▸ TASK STATEMENT
Reproduce each line below precisely. Drop the pictures.

▸ DATA SUPPLIED
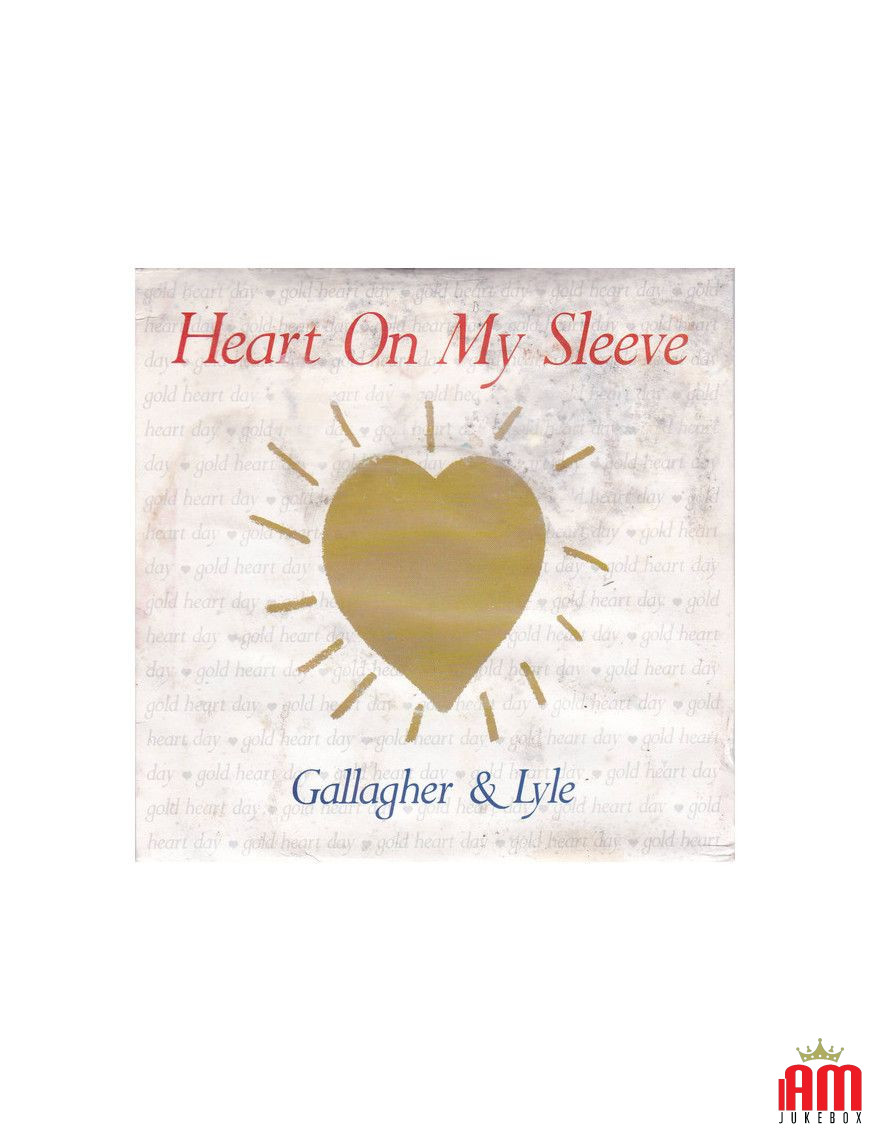 Heart On My Sleeve (Gold Heart Day Version) [Gallagher & Lyle] - Vinyl 7", Single, 45 RPM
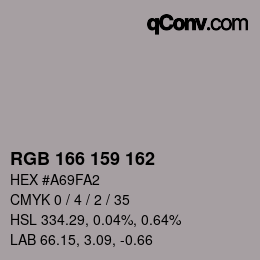 カラーコード: RGB 166 159 162 | qconv.com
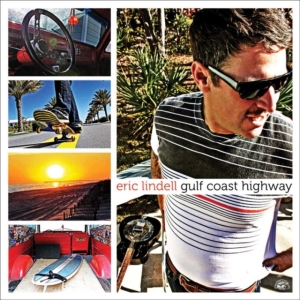Eric Lindell - Gulf Coast Highway in der Gruppe CD bei Bengans Skivbutik AB (696175)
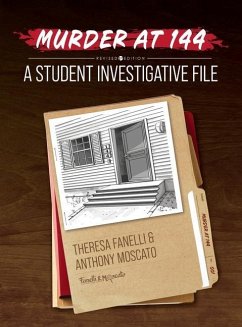 Murder at 144: A Student Investigative File - Fanelli, Theresa; Moscato, Anthony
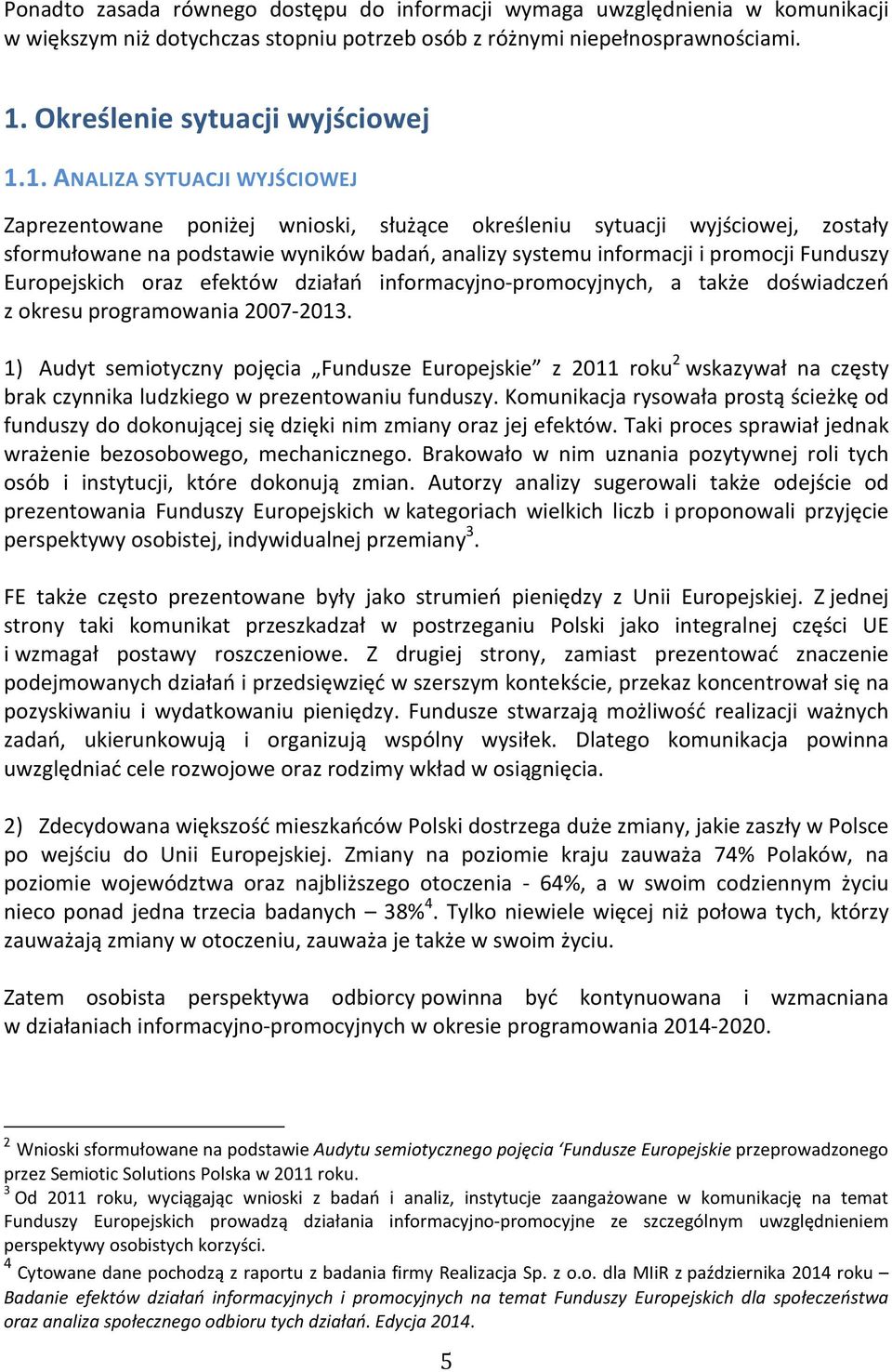 1. ANALIZA SYTUACJI WYJŚCIOWEJ Zaprezentowane poniżej wnioski, służące określeniu sytuacji wyjściowej, zostały sformułowane na podstawie wyników badań, analizy systemu informacji i promocji Funduszy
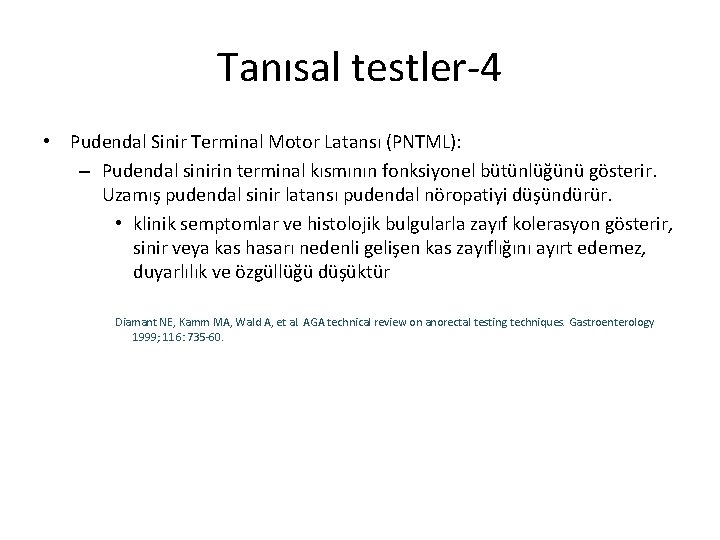 Tanısal testler-4 • Pudendal Sinir Terminal Motor Latansı (PNTML): – Pudendal sinirin terminal kısmının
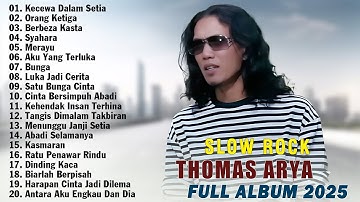 KECEWA DALAM SETIA, ORANG KETIGA - THOMAS ARYA FULL ALBUM 2025 BIKIN BAPER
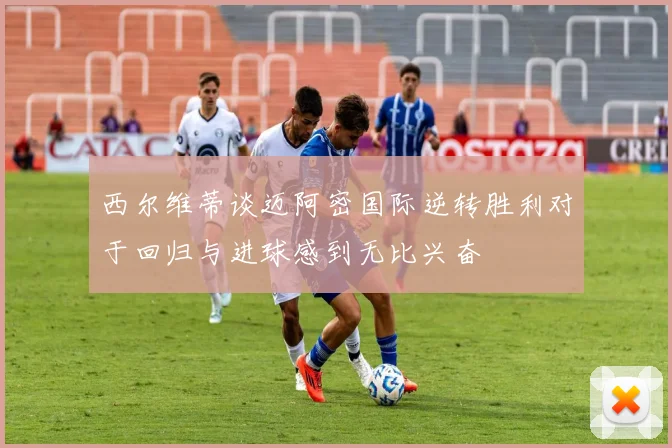 西尔维蒂谈迈阿密国际逆转胜利对于回归与进球感到无比兴奋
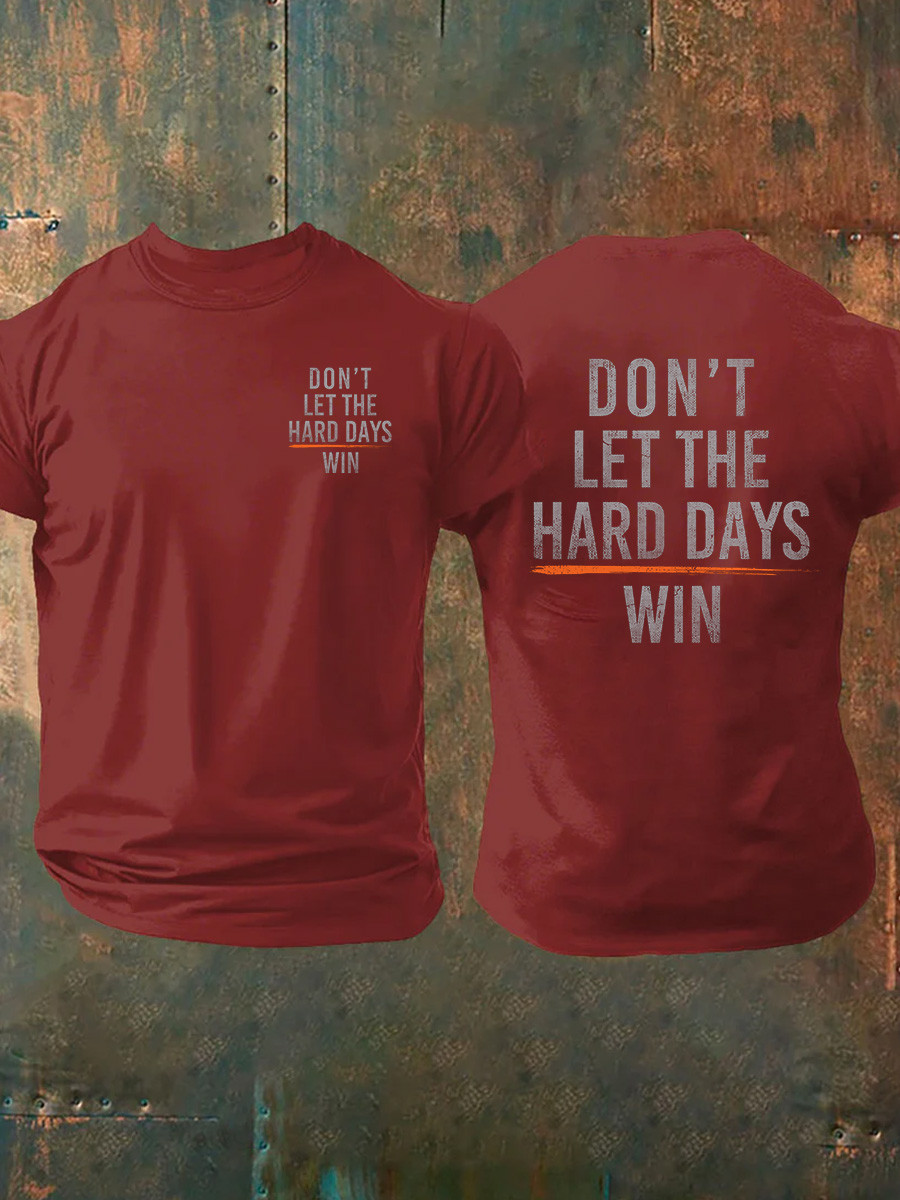 US Veteran T-Shirt Don't Let The Hard Days Win Military Shirt Veteran Unique Gifts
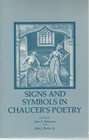 Signs and Symbols in Chaucer's Poetry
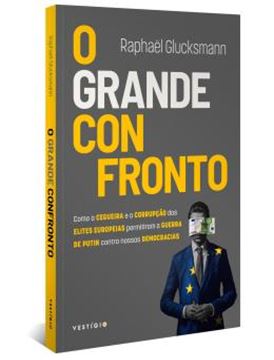 Imagem de O GRANDE CONFRONTO - COMO A CEGUEIRA E A CORRUPCAO DAS ELITES EUROPEIAS PROMOVERAM A GUERRA DE PUTIN CONTRA NOSSAS DEMOCRACIAS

▸ ANSWER FOR THIS EXERCISE
 Heart On My Sleeve (Gold Heart Day Version) [Gallagher & Lyle] - Vinyl 7", Single, 45 RPM
 カラーコード: RGB 166 159 162 | qconv.com
Eric Lindell - Gulf Coast Highway in der Gruppe CD bei Bengans Skivbutik AB (696175)
 Murder at 144: A Student Investigative File - Fanelli, Theresa; Moscato, Anthony
 1. ANALIZA SYTUACJI WYJŚCIOWEJ Zaprezentowane poniżej wnioski, służące określeniu sytuacji wyjściowej, zostały sformułowane na podstawie wyników badań, analizy systemu informacji i promocji Funduszy
 Tanısal testler-4 • Pudendal Sinir Terminal Motor Latansı (PNTML): – Pudendal sinirin terminal kısmının
 KECEWA DALAM SETIA, ORANG KETIGA - THOMAS ARYA FULL ALBUM 2025 BIKIN BAPER
 西尔维蒂谈迈阿密国际逆转胜利对于回归与进球感到无比兴奋
 US Veteran T-Shirt Don't Let The Hard Days Win Military Shirt Veteran Unique Gifts
 Signs and Symbols in Chaucer's Poetry
 Imagem de O GRANDE CONFRONTO - COMO A CEGUEIRA E A CORRUPCAO DAS ELITES EUROPEIAS PROMOVERAM A GUERRA DE PUTIN CONTRA NOSSAS DEMOCRACIAS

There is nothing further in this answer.